§ **About this task**:
Transcribe each line of the records below exactly, excluding any embedded images.

Extracted data entries:
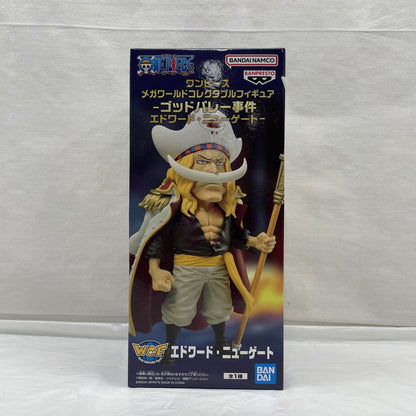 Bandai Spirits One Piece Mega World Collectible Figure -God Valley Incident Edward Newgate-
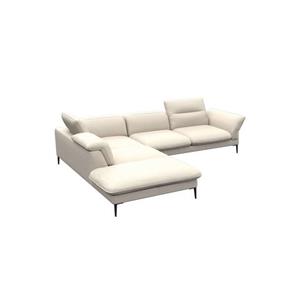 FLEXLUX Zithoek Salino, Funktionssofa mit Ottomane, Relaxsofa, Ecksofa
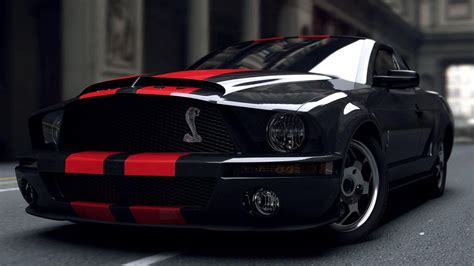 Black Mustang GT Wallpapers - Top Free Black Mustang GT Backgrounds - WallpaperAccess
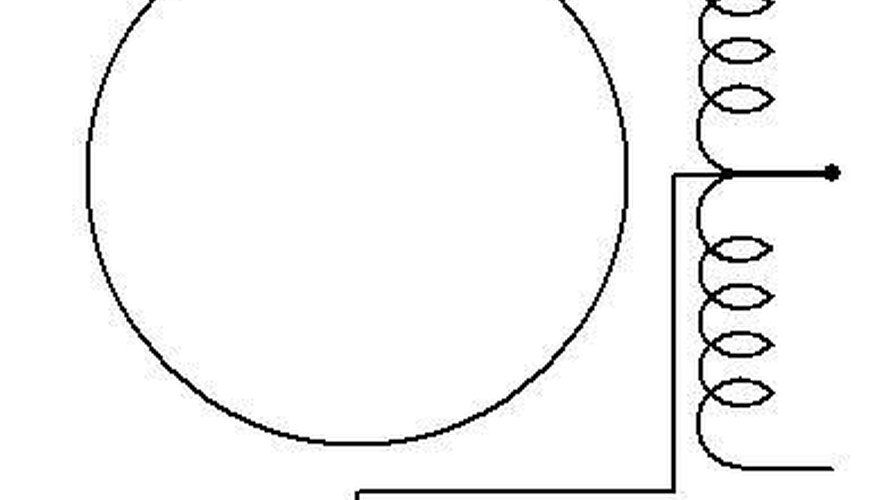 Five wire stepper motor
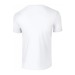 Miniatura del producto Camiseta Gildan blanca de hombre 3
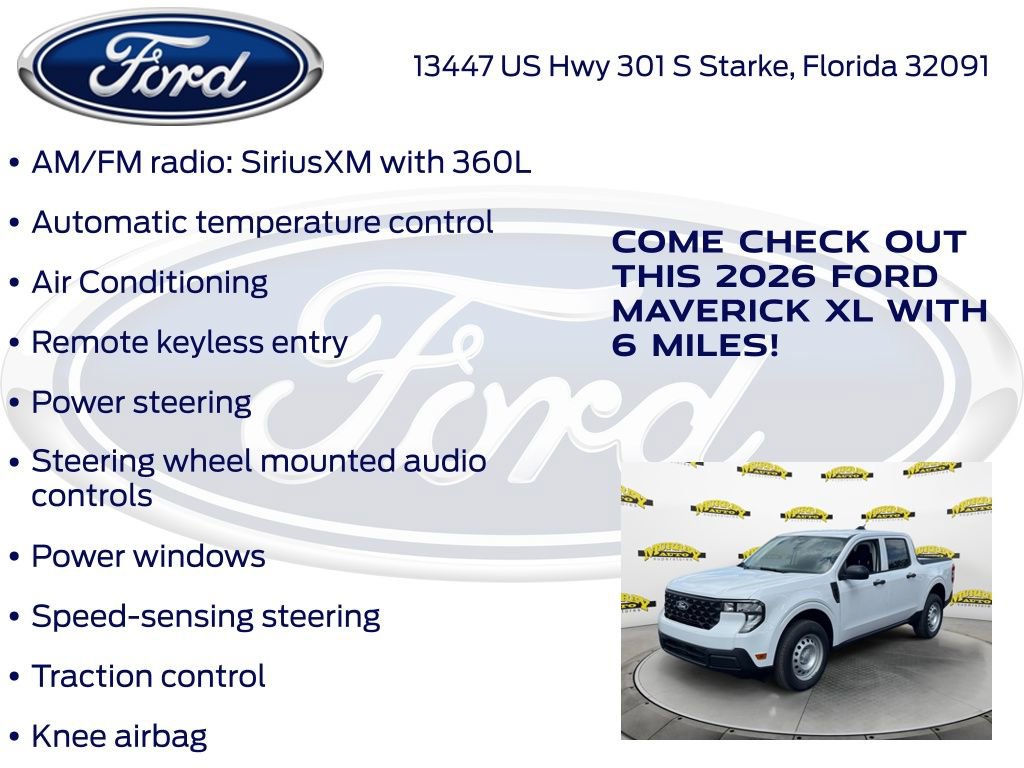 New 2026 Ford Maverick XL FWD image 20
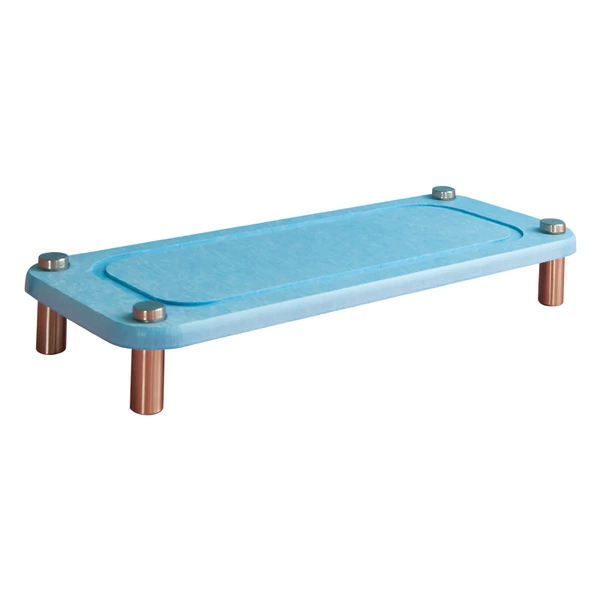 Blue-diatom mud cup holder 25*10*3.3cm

§ **Reply to the exercise**:
 Bandai Spirits One Piece Mega World Collectible Figure -God Valley Incident Edward Newgate-
 FLEXLUX Zithoek Salino, Funktionssofa mit Ottomane, Relaxsofa, Ecksofa
 Black Mustang GT Wallpapers - Top Free Black Mustang GT Backgrounds - WallpaperAccess
 Five wire stepper motor
 Miniatura del producto Camiseta Gildan blanca de hombre 3
 New 2026 Ford Maverick XL FWD image 20
 Blue-diatom mud cup holder 25*10*3.3cm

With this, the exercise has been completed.